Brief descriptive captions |

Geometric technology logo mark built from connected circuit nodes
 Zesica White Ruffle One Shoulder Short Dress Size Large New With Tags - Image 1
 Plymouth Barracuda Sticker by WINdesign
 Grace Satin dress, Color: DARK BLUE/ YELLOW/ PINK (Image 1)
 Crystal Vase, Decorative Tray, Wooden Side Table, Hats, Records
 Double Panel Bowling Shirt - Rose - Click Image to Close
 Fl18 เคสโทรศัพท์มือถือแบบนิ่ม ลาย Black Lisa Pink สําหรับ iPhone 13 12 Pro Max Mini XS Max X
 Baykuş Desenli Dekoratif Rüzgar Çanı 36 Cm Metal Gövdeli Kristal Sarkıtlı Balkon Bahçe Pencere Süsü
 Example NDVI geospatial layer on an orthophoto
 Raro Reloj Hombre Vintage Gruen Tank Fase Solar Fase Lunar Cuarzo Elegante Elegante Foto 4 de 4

What to work on |
Restate verbatim all lines from the start of the data through the line containing "Grace Satin dress, Color: DARK", with both ends kept.

Output of the exercise |
Geometric technology logo mark built from connected circuit nodes
 Zesica White Ruffle One Shoulder Short Dress Size Large New With Tags - Image 1
 Plymouth Barracuda Sticker by WINdesign
 Grace Satin dress, Color: DARK BLUE/ YELLOW/ PINK (Image 1)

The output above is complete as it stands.